|English | Español||October 20, 2017 | Issue #49|
Laughing at the News in Oaxaca
Governor Ruiz Smiles as the Secretary of Government Lays Down New Rules
By Nancy Davies
Governor of Oaxaca, Ulises Ruiz Ortiz
Photo: D.R. Olganza.com
Why am I laughing? Sometimes Oaxaca seems absurd beyond belief, but you haven’t yet heard the funniest part: there is already a contest over who might succeed URO as interim governor, although his term lasts nearly three more years. The first “candidate” is none other than “El Chucky,” Jorge Franco Vargas, the man allegedly behind the assassinations, disappearances, torture and imprisonment of participants in the popular movement. Franco Vargas is said to be going around to various municipalities to sell himself – or, better said, buy himself the appointment.

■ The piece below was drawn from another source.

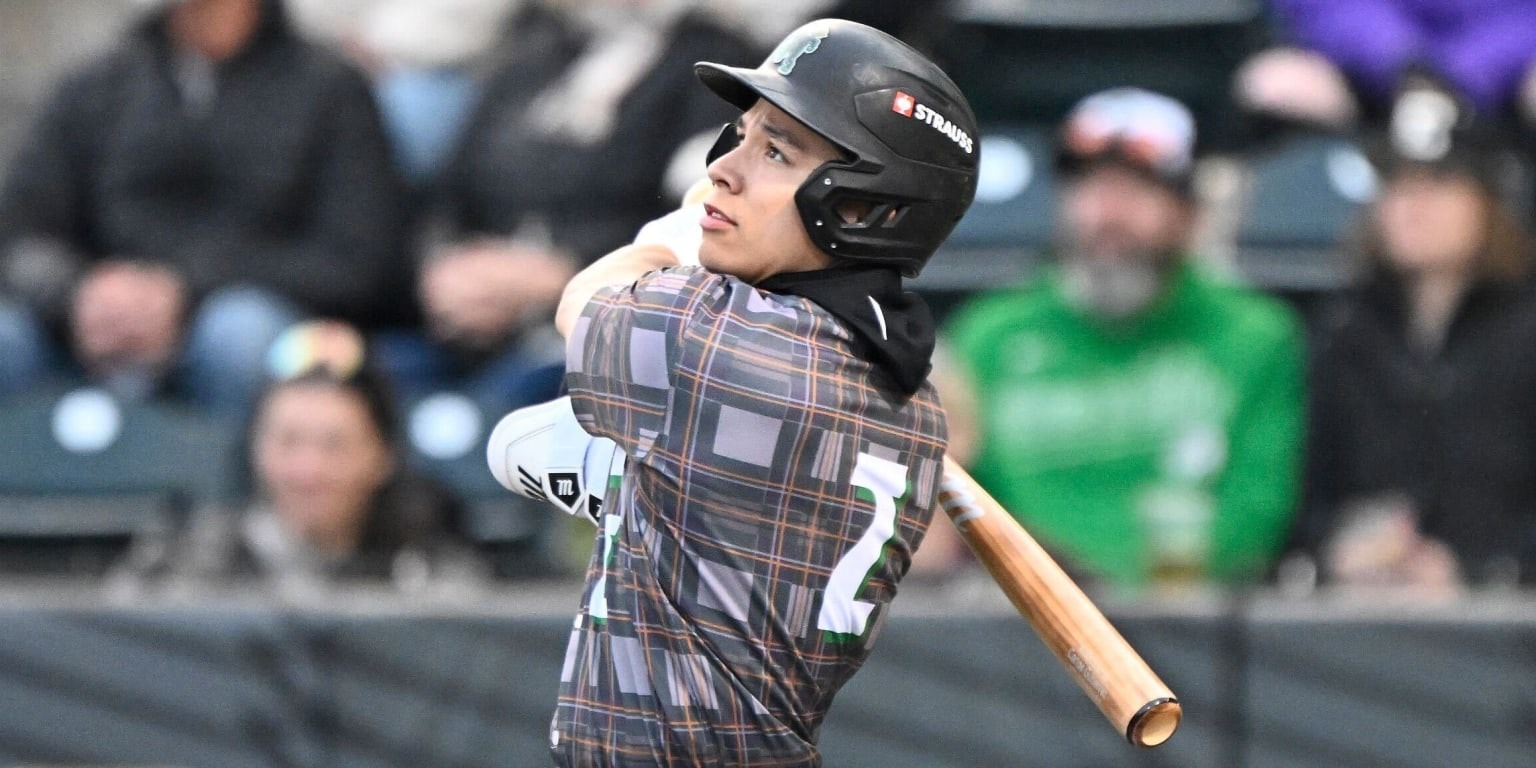 Carlos Gutierrez delivers first High-A hit as Red Sox prospect debut follows trade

But wait. The real power pushing for URO’s collapse is actually former governor Diódoro Carrasco Altamirano, who is now a federal senator. When Carrasco’s term of office as Oaxaca’s governor ended in 1998, he tried to place his friend José Antonio Estefan Garfias as next in line. He was thwarted by José Murat, who won the election (dare we say by fraud?) and became the next authoritarian governor. Murat was followed by Ulises Ruiz, giving Oaxaca what you might call an excessive losing streak, of 18-years duration. Anyway, according to Ocejo, Garfias’ name is being promoted for the thus-far-not-available position of interim governor.
Carrasco now sits in the federal government as a senator, and in position to wield more influence on the federal level. However, Felipe Calderon may need no nudging- he’s facing seven “Egyptian plagues,” which is to say, political plagues. The first is the blazing-guns narco war; second is the rise of prices “into the stratosphere” as Ocejo says; the rule of URO who Ocejo characterizes as “one of the dwarfs who happily dance in their reign of Lilliput”; global warming climate change; national opposition to the predicted attempt by the PAN to sell off more of the state-owned oil company, Pemex; and the risks of the USA’s economic decline crippling Mexico, as has been mentioned at Davos, and which Calderon heartily denies.

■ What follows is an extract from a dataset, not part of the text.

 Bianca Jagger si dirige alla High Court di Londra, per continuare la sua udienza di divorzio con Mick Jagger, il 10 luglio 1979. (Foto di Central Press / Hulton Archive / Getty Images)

“Entredichos” does not lack enumeration of the plagues within Oaxaca – he reports: an ex-policeman responsible for repression being saved by being appointed to the position of Chief of Transit in Cancun; aggression against a priest (Alejandro Solalinde) and undocumented immigrants entering from Central America via Tehuantepec; the impunity in the state during and after the 2006-2007 repression– nothing has been done at all regarding the 26 dead.
Also, a woman, Eurofrosina Cruz Mendoza was refused a position as mayor in the town of Santa MarÌa Quiegolani, setting off a storm of women’s opposition to the policy. Twenty percent of the 418 Oaxaca municipalities govern by the system of traditional local norms (“usos y costumbres”). In 82 rural communities women still do not have the right to vote or to be elected. On November 4 the authorities of Quiegolani refused to honor the election of Cruz Mendosa on the grounds of her being a woman and well-educated to boot. She is going from municipality to municipality publicizing how she was barred because of her gender, raising complaints against machismo.

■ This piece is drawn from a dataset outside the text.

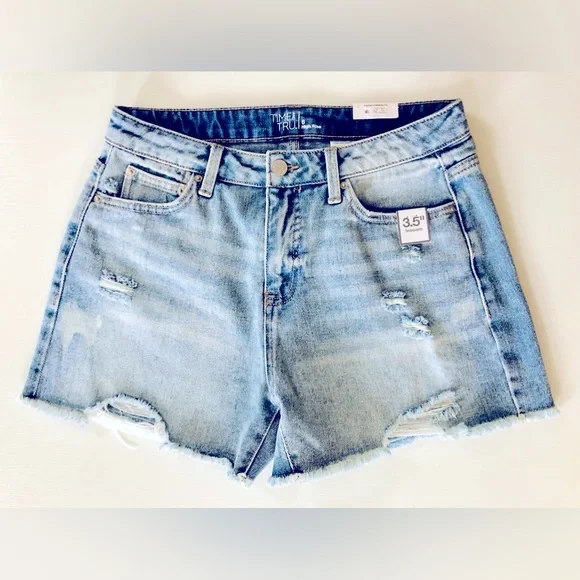 100% cotton Distressed, vintage, blue denim 5 Pocket Shorts size 6 Natural waist - Picture 11 of 11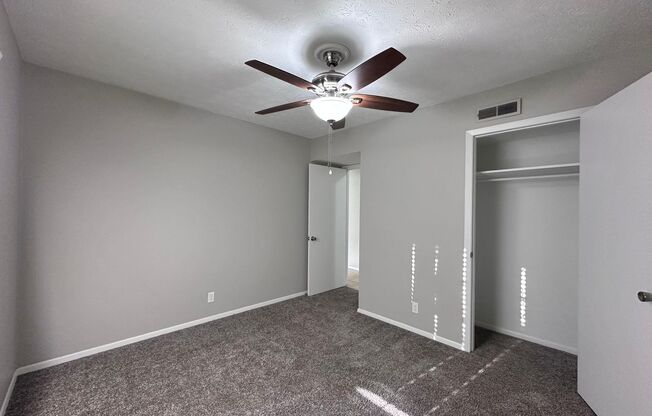 2 beds, 1 bath, 1,000 sqft, $1,368, Unit 11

Meanwhile, half a dozen innocent children were victims of pederasty but their parents were bought off when they tried to take it to court (the accused were quite wealthy); one Chinto Indian has killed another in a political quarrel; and the state Association of Notaries Public (who have more legal responsibility than in the U.S., for example) has been exposed in a scandal. That’s the news for January, and January isn’t yet over.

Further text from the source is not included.